Lately, prominent journals have been putting its spotlight on international students — specifically Chinese international students — due to their committing frauds in applying to U.S. colleges. Essentially, these international students would take one of two routes (or both) in committing fraud:
1. Pay tens of thousands of dollars for a fraud service that sends out falsified high school transcripts, fake letter of recommendations, and forged personal essays to colleges. Oftentimes, the fraud service would even provide fake interviews for their customers.
2. Also, pay thousands of dollars and have a test scammer take the SAT and the TOEFL tests under the customer’s name, and let the exam shine as the sole reason of acceptance.
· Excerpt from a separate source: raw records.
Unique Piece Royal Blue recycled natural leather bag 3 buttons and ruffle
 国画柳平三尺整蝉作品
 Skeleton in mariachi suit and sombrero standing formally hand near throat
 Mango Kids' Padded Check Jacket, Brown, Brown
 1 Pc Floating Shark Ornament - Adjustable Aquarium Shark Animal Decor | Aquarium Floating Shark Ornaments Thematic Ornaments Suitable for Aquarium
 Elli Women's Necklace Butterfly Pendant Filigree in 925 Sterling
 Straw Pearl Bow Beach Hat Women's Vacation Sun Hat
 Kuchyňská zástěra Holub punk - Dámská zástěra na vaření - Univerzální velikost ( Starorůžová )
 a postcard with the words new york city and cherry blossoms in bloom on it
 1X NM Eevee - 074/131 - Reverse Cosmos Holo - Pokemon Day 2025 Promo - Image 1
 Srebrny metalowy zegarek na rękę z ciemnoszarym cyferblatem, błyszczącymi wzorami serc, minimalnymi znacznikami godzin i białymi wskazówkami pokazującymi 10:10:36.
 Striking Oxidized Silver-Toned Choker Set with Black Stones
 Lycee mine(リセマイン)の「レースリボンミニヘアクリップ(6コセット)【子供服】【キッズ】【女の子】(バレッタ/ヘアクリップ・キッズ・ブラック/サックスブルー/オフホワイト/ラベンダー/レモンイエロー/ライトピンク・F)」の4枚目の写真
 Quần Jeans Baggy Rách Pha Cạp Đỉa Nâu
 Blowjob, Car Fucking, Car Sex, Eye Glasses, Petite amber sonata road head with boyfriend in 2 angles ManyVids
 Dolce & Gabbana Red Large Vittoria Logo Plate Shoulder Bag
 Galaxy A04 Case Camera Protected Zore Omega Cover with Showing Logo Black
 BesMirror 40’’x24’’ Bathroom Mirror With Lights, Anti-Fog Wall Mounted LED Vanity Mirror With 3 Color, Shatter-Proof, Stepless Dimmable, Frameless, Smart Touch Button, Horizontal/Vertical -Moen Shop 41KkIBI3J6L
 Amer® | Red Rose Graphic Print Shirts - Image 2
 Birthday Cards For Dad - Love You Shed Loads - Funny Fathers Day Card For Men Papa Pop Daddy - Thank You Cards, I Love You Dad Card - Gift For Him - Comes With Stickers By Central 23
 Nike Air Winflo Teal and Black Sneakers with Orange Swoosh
Surprisingly, these students have had lots of success with the scam industry since decades past; a significant amount of its customers have actually been accepted to numerous public and private U.S. colleges, such as U.C. Davis, Virginia Tech, USC, NYU, and Georgia Tech. In fact, Forbes referred to a 2010 report that found 90 percent of all recommendation letters for Chinese international applicants to U.S. universities are fake, 70 percent of application essays are not written by the student, and 50 percent of grade transcripts are counterfeit. The report also found 80 percent of Chinese applicants to American undergraduate programs are aided by agents, most of which do not use ethical practices.
The reason behind the successes of the Chinese application scamming industry is due to an ever-increasing pressure on Chinese students from their super-competitive parents to attend a college in the U.S. Also, with the recent announcement of a 7-year jail punishment for Chinese students caught cheating on its national university-entrance exam, gaokao, many international students are turning towards phony college applications to institutions in the United States.
In the midst of all of this, I’ve recently read about the backlash of numerous residents upon realizing that their public universities are accepting more non-resident students each year. By the term “non-resident,” they are referring mainly to the incoming students from other states within the country. The residents are upset that their tax money goes to the education of students who do not even reside within the state. Some are also angered over the fact that their children are denied acceptance because non-residents (who are supposedly as qualified as their children) have taken the spots at the institution.
And yes, that’s a completely valid argument. But to angry-resident parents and students, let me offer a thought: instead of demanding public institutions to lower their standards to admit your state-resident child, wouldn’t it be better to propose that institutions thoroughly examine and prevent falling into the trap of these rigged college-application systems to your public universities? One can make the argument that the spot taken by an international student who cheated their way in could very well be your child’s.
Touchy subject, I know. Regardless, don’t blame the U.S. non-residents — most of these students applied to colleges under the same process that a state resident student would, and they got accepted because they truly deserved the admittance. Without a doubt, though, blame goes to those who cheated the system.